⦅トランプ氏に似ていると話題のオウゴン君(静岡県掛川市の掛川花鳥園で)⦆
リトアニア生まれの「魔術師としての美術史家」(種村季弘)ユルギス・バルトルシャイティス(Jurgis Baltrušaitis)の四つのエッセイ「アベラシオン(ABERRATIONS)」(『バルトルシャイテス著作集・1』国書刊行会:種村季弘・巌谷國士訳)中の「動物観相学」は、古代ギリシア・ローマの観相学を淵源とし、直接およびイスラームを媒介に中世に再発見され、ルネサンスに蘇生する西洋観相学の系譜を面白く紹介している。
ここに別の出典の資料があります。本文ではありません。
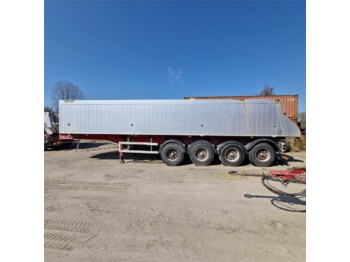 Tippbil semitrailer LANGENDORF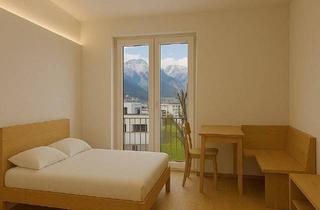 Wohnung kaufen in Südtiroler Platz, 6020 Innsbruck, Top-vermietete Anlegerwohnung im Zentrum von Innsbruck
16世紀に刊行され、「並外れた成功をおさめた」ジャンバッティスタ・デッラ・ポルタの『人間観相学』の記述が、わかりやすく愉しい。ポルタのこの著作によれば、大前提:いかなる動物種にもそのものの諸特性ならびに諸情念に見合う形姿がある。小前提:これらの形姿の諸要素は人間の場合にも見受けられる。結論:そういう顔つきをした人間は、したがってそれに見合った性格の持主である。
……こうして、たくましくて太っ腹であるライオンには強い胸郭と幅ひろい肩と大きな手足とがある。このような特徴を示している人間は勇敢でつよい。動物の形姿のなかでもライオンの体格や各肢部は、人間なら男性の体格にもっともよく似ているが、一方、豹には女性の体型と立ち居振る舞いにいちじるしく見合っている節々がある。しかし他の動物たちもまた私たちにみられるような特徴をみせる。古代以来の思弁の数々が動物界のさまざまな形姿による強迫観念のなかに再帰してくるのである。……(p.21)
具体例: プラトンには、犬の嗅覚のするどい大きな鼻があり、また高くひいでた犬の額がある。ソクラテスは、鹿に喩えられ、そのにぶい鼻は好色な気質を打ち明けている。
(p.22 )
文学の分野では、バルザックが「観相学や(※ガルの)骨相学にいたく関心があった」のであり、「バルザックの描写には観相学的分析がふくまれており、しかもそれは、総じて登場人物を紹介する場合のことである。ときにはその観相学的分析は性格や情念の外的表徴を枚挙しながらえんえんと数頁をこえ、そこに動物たちもあらわれてくる」。